Dropping at least one central character would have meant the series could concentrate more on Leckie and/or Sledge (for whom there is more source material i.e. published memoirs) and their fellow soldiers, giving the writers more room to develop these characters and give us the bigger picture of the Pacific war.

I also agree with what others say about the Tom Hanks intros. If your Pacific war history knowledge is up to scratch, the intros are useless anyway (just put 'Guadalcanal 1942' on the title screen, for example). For those less familiar with the history, the intros are arguably a spoiler to some degree. Worse still, combined with the 'story so far' recaps and overly-long title sequence, this clutter really eats into the limited time to get stuck into the actual story each week.

For example, episode 5 is approx. 55 minutes long. The very first actual scene doesn't start until the 7 minute mark, and the last 4 minutes are taken up with end credits. That leaves only 80% of the total time for actual story telling! The previous episodes are much the same in this respect.

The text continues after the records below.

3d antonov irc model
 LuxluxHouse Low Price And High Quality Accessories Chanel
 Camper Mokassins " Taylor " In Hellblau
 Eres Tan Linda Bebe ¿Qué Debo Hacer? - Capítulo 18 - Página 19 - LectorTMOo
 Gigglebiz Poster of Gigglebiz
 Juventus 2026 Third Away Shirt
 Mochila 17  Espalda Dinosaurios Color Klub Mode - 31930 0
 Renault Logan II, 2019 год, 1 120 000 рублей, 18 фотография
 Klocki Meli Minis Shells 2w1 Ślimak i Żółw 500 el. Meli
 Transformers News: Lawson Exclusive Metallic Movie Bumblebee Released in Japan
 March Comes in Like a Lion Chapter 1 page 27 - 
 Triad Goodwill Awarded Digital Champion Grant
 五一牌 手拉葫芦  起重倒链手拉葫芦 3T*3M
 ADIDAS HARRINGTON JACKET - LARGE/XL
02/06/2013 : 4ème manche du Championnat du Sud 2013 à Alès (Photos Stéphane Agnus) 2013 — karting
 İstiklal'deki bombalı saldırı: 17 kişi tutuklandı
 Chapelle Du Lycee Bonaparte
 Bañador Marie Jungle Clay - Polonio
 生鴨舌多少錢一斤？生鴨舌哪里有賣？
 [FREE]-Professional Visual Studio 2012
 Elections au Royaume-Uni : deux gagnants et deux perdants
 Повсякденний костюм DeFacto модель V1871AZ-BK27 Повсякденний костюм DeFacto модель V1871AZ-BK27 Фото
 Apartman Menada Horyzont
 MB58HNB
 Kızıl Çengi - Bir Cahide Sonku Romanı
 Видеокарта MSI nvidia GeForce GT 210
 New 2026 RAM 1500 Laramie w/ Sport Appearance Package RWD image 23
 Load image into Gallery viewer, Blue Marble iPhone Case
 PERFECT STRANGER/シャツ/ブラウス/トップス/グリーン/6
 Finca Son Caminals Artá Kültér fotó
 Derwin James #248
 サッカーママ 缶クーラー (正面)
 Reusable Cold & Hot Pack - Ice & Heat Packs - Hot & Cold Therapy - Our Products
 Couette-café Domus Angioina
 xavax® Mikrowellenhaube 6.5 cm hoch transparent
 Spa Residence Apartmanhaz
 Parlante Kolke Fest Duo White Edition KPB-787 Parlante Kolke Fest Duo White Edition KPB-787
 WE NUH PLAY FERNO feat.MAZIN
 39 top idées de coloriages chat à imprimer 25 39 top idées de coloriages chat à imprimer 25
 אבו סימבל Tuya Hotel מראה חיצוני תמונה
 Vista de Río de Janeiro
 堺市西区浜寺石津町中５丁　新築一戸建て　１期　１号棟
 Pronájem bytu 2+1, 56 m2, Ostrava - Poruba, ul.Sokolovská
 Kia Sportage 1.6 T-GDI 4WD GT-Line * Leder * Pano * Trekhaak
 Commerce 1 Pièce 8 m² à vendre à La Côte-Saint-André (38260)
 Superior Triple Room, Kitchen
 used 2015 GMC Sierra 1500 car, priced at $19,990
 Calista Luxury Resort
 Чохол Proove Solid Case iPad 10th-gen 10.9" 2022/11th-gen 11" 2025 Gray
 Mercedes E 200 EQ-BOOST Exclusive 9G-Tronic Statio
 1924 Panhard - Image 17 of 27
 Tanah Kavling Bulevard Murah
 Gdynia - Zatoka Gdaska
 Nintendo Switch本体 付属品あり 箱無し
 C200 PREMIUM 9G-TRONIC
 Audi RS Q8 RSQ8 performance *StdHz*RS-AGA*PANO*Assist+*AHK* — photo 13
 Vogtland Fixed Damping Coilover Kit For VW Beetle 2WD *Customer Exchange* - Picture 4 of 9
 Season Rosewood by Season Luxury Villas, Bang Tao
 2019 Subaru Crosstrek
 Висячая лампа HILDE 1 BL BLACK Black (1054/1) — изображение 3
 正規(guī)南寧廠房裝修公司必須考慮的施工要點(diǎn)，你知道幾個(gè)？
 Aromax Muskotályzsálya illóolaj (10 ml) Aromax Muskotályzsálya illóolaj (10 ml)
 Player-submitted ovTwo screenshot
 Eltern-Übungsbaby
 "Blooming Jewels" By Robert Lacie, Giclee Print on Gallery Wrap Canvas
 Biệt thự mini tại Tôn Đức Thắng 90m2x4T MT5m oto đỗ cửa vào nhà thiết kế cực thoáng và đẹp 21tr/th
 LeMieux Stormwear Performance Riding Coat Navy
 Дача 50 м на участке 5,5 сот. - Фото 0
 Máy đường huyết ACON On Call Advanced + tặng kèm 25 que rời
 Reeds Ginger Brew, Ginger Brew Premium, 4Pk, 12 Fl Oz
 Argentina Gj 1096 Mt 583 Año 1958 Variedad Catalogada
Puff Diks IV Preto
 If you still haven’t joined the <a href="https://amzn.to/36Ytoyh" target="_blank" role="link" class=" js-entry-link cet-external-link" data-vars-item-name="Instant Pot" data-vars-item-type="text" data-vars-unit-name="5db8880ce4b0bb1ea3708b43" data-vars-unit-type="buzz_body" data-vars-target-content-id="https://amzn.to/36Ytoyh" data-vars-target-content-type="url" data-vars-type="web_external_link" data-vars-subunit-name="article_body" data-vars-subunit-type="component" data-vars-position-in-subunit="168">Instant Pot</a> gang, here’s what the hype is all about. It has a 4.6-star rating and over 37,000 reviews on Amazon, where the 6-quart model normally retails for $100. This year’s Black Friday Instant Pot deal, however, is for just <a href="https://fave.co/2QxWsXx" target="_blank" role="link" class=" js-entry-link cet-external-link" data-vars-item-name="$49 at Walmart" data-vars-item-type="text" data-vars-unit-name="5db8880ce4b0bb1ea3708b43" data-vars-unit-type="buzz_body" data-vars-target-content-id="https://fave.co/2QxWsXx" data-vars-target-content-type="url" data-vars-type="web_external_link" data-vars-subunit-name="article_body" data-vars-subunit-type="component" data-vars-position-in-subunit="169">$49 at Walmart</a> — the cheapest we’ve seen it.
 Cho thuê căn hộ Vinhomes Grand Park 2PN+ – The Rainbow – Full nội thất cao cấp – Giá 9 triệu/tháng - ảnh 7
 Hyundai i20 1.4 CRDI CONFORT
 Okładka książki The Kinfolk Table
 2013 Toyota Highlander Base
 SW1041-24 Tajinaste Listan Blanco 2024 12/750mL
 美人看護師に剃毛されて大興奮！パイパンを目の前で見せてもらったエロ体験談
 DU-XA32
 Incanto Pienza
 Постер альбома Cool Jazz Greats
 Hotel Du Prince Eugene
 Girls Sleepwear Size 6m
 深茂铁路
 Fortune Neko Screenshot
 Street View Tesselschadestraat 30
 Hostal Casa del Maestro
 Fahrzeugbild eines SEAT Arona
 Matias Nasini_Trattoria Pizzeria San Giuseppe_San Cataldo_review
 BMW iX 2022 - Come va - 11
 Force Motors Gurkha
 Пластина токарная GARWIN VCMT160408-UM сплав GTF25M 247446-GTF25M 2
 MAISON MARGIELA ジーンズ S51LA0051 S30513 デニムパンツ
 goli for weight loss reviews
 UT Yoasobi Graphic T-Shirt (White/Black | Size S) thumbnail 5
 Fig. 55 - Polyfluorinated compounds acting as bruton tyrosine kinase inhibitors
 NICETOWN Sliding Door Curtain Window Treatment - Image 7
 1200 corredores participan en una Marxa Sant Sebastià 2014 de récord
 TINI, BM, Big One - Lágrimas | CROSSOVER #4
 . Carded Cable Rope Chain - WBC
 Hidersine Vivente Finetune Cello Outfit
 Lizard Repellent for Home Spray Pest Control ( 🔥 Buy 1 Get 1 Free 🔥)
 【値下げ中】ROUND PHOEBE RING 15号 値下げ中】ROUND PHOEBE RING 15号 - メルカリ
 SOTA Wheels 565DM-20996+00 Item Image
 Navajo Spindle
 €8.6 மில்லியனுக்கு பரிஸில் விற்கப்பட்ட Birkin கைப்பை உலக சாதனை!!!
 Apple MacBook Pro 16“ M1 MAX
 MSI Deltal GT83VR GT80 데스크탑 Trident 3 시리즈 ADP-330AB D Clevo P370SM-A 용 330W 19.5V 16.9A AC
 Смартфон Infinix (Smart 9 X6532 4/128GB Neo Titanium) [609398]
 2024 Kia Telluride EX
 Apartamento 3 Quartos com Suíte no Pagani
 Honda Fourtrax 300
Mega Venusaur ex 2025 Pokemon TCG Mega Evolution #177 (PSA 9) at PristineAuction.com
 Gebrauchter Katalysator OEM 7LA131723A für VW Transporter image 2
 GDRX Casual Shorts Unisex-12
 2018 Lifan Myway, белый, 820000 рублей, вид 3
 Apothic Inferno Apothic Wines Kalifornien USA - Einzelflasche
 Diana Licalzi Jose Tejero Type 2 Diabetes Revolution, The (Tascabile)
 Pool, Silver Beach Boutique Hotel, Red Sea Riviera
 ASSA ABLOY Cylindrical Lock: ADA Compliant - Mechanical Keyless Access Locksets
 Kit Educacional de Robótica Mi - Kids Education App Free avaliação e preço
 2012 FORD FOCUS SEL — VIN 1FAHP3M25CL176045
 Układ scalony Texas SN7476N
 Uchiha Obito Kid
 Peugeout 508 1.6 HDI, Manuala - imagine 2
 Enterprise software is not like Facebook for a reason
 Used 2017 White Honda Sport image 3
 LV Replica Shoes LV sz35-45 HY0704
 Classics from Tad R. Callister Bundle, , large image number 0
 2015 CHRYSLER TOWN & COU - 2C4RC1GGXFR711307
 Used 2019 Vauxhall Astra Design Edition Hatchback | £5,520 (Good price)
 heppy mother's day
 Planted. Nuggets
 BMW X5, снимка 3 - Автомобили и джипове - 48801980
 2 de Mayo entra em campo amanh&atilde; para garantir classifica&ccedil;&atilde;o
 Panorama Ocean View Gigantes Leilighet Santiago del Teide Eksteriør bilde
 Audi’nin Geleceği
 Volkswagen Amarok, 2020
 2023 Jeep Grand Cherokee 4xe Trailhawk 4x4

I think the underlying theme of most people's gripes with this series is the lack of depth. With such a tight limit of 10 x 54 minutes to tell such a big story, I think too much time has been wasted on recaps, intros, title sequences, end credits -- and at least one central character too many.

Ju! said...

I think that my biggest problem with this series is that I'm only connecting with Leckie, and everytime he's off screen, I'm pretty much uninterested.

Lem_Fliggity said...

I'm enjoying the series, although I agree about the wasted time spent on 3 minute mini-docs, 2 minute recaps, a 2 minute intro, a minute of upcoming scenes, and 3 minutes of credits. All that time shortens the length of the actual story to nearly that of a network TV show. I find that appalling. 11 minutes out of each week that could be used to fill some of the holes in the narrative.

When you think about it, by the end of the series, we will have lost out on almost two hours of story, making The Pacific more like an 8-part miniseries.